Unity iPhone enhancement pack

Admin’s note: this product appears to be unsupported as of March 2011 although the website may still allow you to buy and download it.

I’m close to completing a new system for extending Unity for iPhone. I’m thinking about offering this for sale.

EDIT: it’s done! And it’s now up to version 1.1. You can get it here: Unity iPhone Enhancement - Better iPhone Games

The goal for this enhancement system was to provide access to some additional device features (CoreLocation, video playback, and on-screen keyboard primarily) without making the developer re-do all their work in XCode with each build in Unity. I’m aiming to make this a complete bolt-on that doesn’t touch ReJ’s code at all (which goes against my normal gleeful urge to rip it to shreds.)

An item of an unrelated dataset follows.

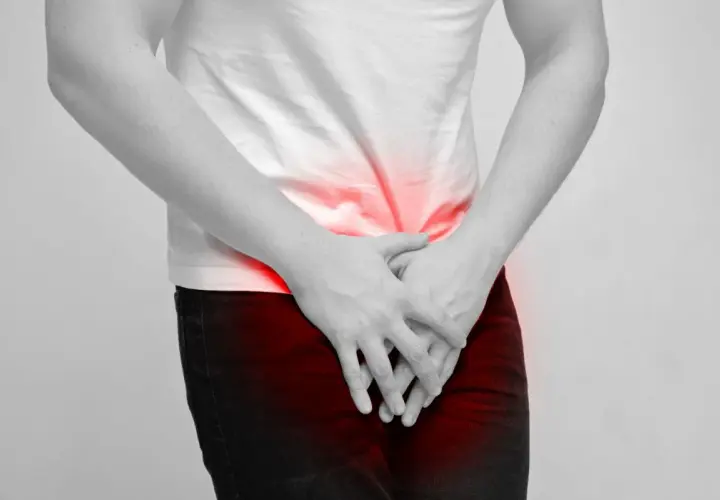 Mężczyzna trzyma ręce na podbrzuszu, gdzie widoczne są czerwone plamy bólu. Może to symbolizować dyskomfort związany z masowaniem prostaty.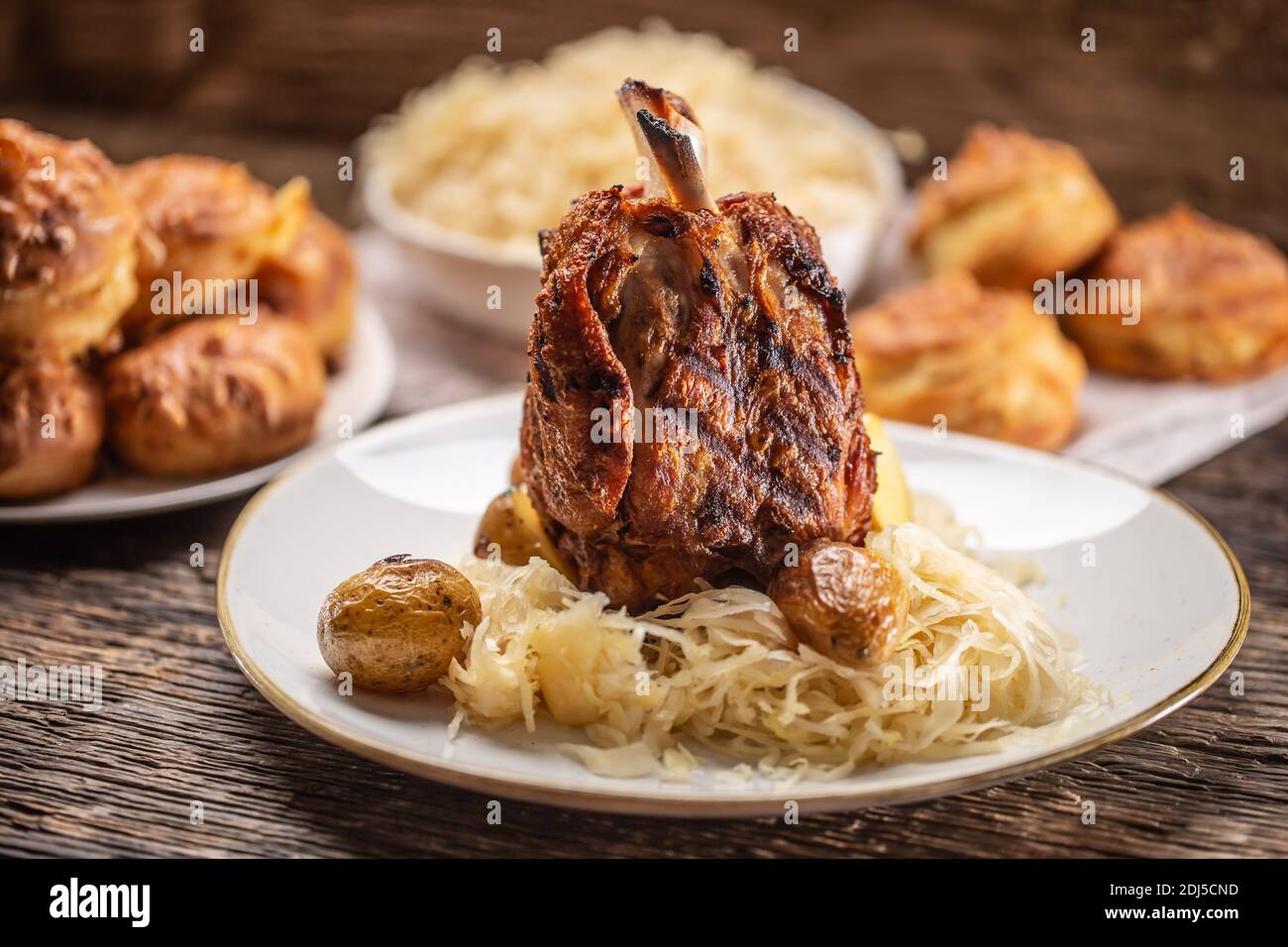 Bavarian pork knuckle with sauerkraut and baked potatoes. Stock Photo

Unlike the method posted recently by Flashbang, this system uses Objective-C categories to override the existing applicationDidFinishLaunching: which provides a couple of benefits. One is, the new code becomes part of the existing AppController class, so we don’t need to modify the Unity source (i.e. to make variables public). It also gives me the opportunity to add new methods (to conform to other protocols, like CLLocationManagerDelegate and AdMobViewDelegate) and, finally, to insert a new handler for commands sent from inside Unity scripts.

This allows your Unity script to send a command to the Objective-C code to do things like:

(fyi, edited to keep this first post current with the latest info)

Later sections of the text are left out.